Common threads ran throughout the fabric of these presentations: the idea that modernity does not necessarily equal improvement, and that Egypt was not virgin territory for the taking, nor yet a country wrenched out of centuries of backwardness by the Napoleonic army, and blinded by the glare of the Enlightenment.

On the other side of the field, contributions were equally varied. For an Egyptian in France, retracing, in some ways, the journey Rifa'a made over a century and a half ago, it seemed at times that the Egyptians were conspicuous mainly for their absence. Jean-Marcel Humbert's paper, originally titled "Egypt's Participation in the Expositions Universelles of Paris in 1867 and 1868", was transformed into a comparison between Mariette's vision of Egypt as an archaeological reality first and foremost, on one hand, and the reconstructions of quite exotic Egypts, the expression of a wider fascination, on the other. Jean Lacouture's paper on Champollion focused on "the pioneer" and his discovery of Egypt. Sarga Moussa spoke at length of the lyricism liberated in Ismail Urbain, a young poet of mixed ancestry from Cayenne, by the Saint-Simonian movement. A series of three papers was devoted to the life and work of Pascal Coste.

In these fascinating contributions, one searched in vain for an Egyptian -- just one. Not a sign, however. Rifa'a was interesting mainly to the extent to which he had observed, absorbed, been bewitched by the French. A paper presented by Anna Piussi on the vanishing of Egypt from early nineteenth-century Paris salons (1800-1830) seemed an apt metaphor, in some ways, for the conference itself. Piussi explained how the intellectual respect which had first greeted Egyptian antiquities, elevated from their status as simple curiosités, did not stretch to contemporary Egyptians, who seemed to vanish from Restoration paintings. This disappearing act seems to be repeating itself.

The contributions situated "on the borders", then, were all the more interesting for their attempt to escape from the oppressive dichotomy. France in Egypt, Egypt in France? Ghislaine Alleaume, notably, spoke of the models mobilised to describe the political regime put in place in the Mohamed Ali era, analysing the values, codes and norms of the system that the transformations of the early 19th century eventually swept away. Three themes -- the despot and the legislator; the politics of princes and that of the state; from empire to nation: Egyptian and Ottoman elites -- formed the three axes of her analysis.

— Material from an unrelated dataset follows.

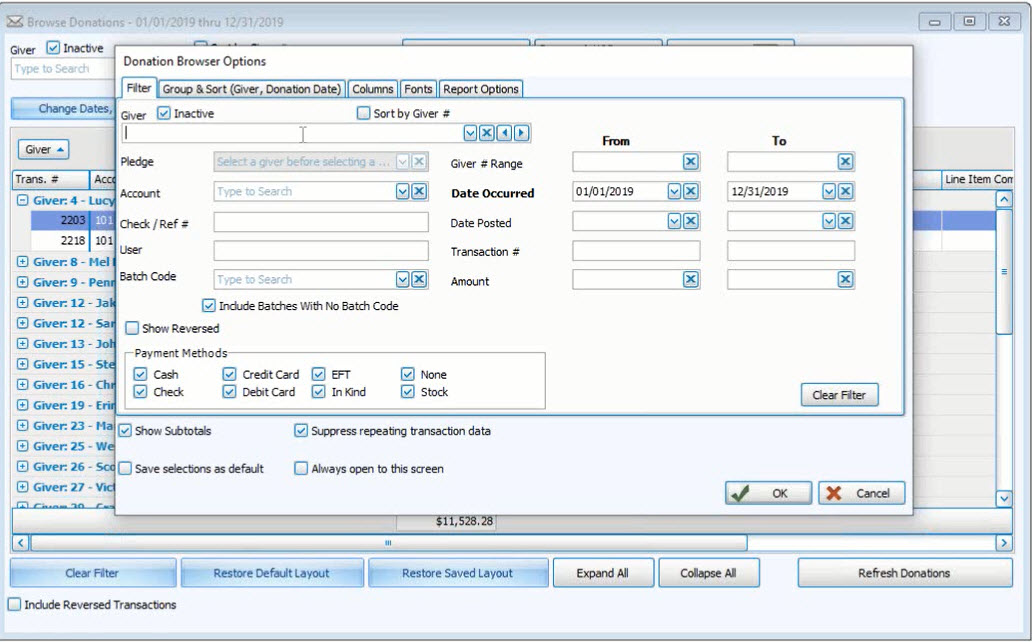 Donations: Using Browse Donations Filters (v26 & Newer)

Peter Gran, in a paper theoretically devoted to Hassan El-Attar, a Shaykh Al-Azhar who died in 1835, reflected on academic politics and "the view that both Egyptian and French historians have had an investment in the Napoleonic invasion as a watershed, each for their own reasons, that for both, 1798 marks the point of entry of a new type of culture into Egypt..."

Perhaps reflections of this sort, which attempt to elaborate on similarities and differences where none were self-evident -- that is, themes capable of cutting across the easy dualism of French and Egyptian, Egyptian and French -- will provide one of the new directions research can take, when there is nothing left to say of the events and intrigues of the Expedition and its impact. But they are not the only direction -- this much, at least, was abundantly clear by the number and diversity of the papers presented. If anything, the Aix conference showed that the Expedition, as well as the years that preceded and followed it, is still capable of arousing sharp controversies and vivid disagreements but also of bringing together an impressive number of eminent scholars, united by common concerns.